Intelligent Feature Search

A powerful, intuitive search algorithm for finding features within GenBank files, designed for accuracy and ease of use.

The Challenge: Finding Data in Dense Files

GenBank files are incredibly data-rich, but their dense, text-based format makes finding specific information difficult. A simple text search often isn't enough, as researchers need to look for specific features like genes or CDS, and spelling errors can lead to missed results.

Our project introduces an intelligent search layer on top of standard GenBank files. This tool allows users to perform targeted, error-tolerant searches to quickly locate the exact features they need.

How to Use Our Search

Let's walk through an example. Imagine you want to find the traN gene within the GenBank record for P. putida.

You provide the searchword (e.g., "traN") and have the option to specify a subclass to narrow your search. If you select "gene" as the subclass, our tool will only look for "traN" within gene annotations, ignoring other sections. If you leave it blank, it searches the entire file.

Error Tolerance is Key

Our search isn't just looking for exact matches. It finds words that are a close match, so even minor typos won't prevent you from getting the results you need. The output is a list of matches, ranked by how closely they match your search term.

The Technology Behind It

Our tool operates in a few simple steps. First, it fetches the requested .gb file. Then, it processes the file line by line, identifying the "subclass" of each line and comparing its contents to your search query.

Understanding Subclasses

We use the term "subclass" to refer to the primary feature types in a GenBank file. This allows for highly specific searches. The most common subclasses are:

  • Source: General information about the entire sequence (organism, strain, etc.).
  • Gene: Marks the location of a specific gene.
  • CDS (Coding Sequence): Contains the specific nucleotide sequence that codes for a protein.
  source           1..128921
				   /organism="Pseudomonas putida"
  gene             complement(1..867)
				   /locus_tag="HXC77_RS00005"
  CDS              complement(1..867)
				   /product="Replication initiation protein"
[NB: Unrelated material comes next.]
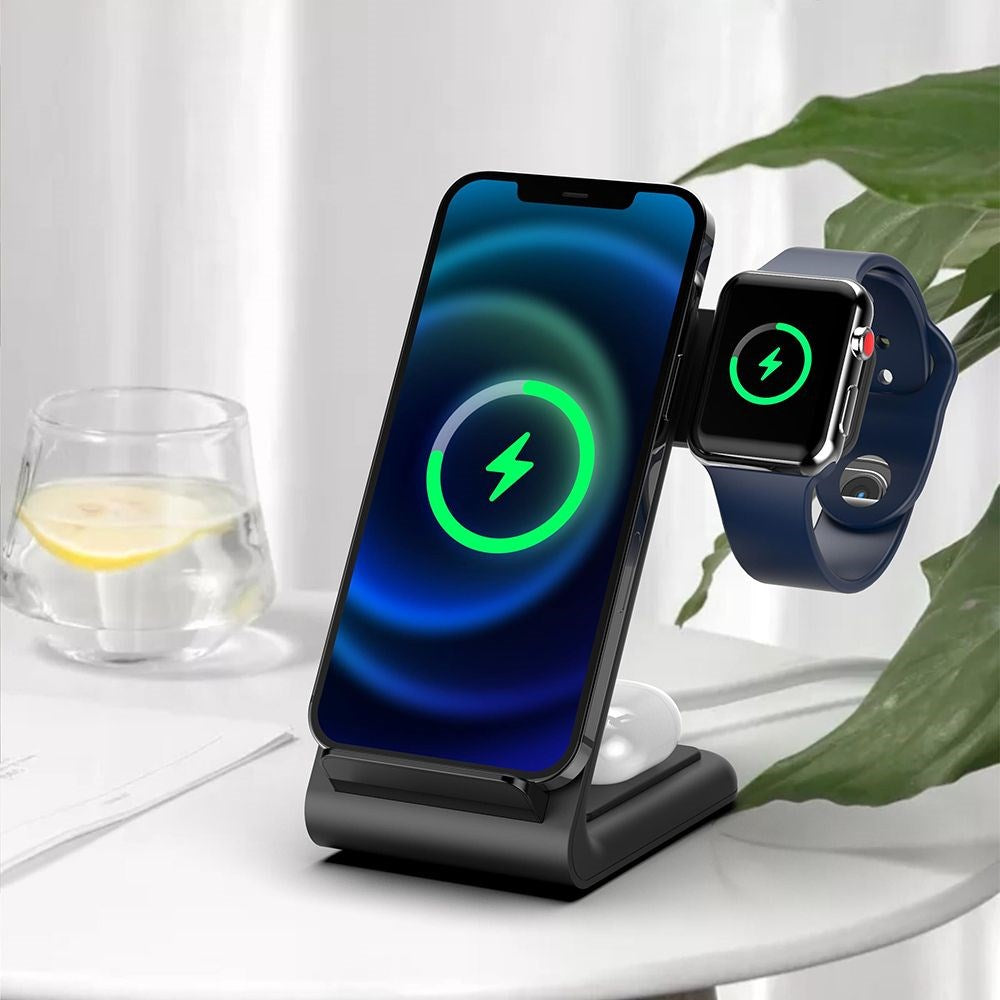 Tech-Protect A20 3-i-1 Trådlös Laddningsstation m. Ljus 15W - Apple Watch, AirPods & Smartphone - Svart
Measuring Closeness with Levenshtein Distance

To provide error-tolerant results, we calculate the Levenshtein distance between your searchword and words found in the file. This distance is the minimum number of single-character edits (insertions, deletions, substitutions) needed to change one word into the other.
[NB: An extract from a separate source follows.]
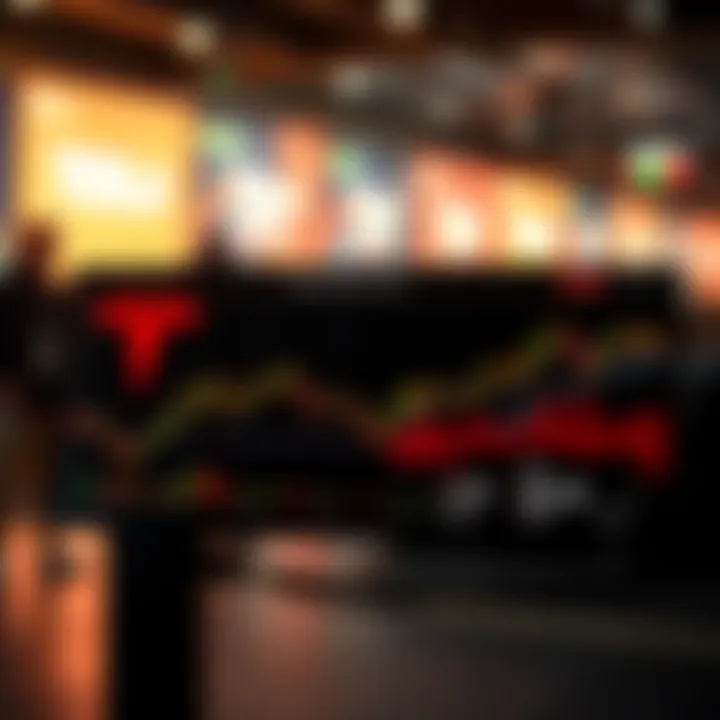 Graph showing Tesla stock price fluctuations over recent trading sessions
Our tolerance for errors is dynamic. We use the formula 4 * (1 - 2^(-a/3)), where 'a' is the word length. This allows more potential typos for longer words, up to a reasonable maximum limit of 4 edits.

Conclusion

By combining a targeted subclass system with an error-tolerant matching algorithm, our tool provides a fast, flexible, and intuitive way to navigate the dense information within GenBank files, significantly improving the user experience for researchers.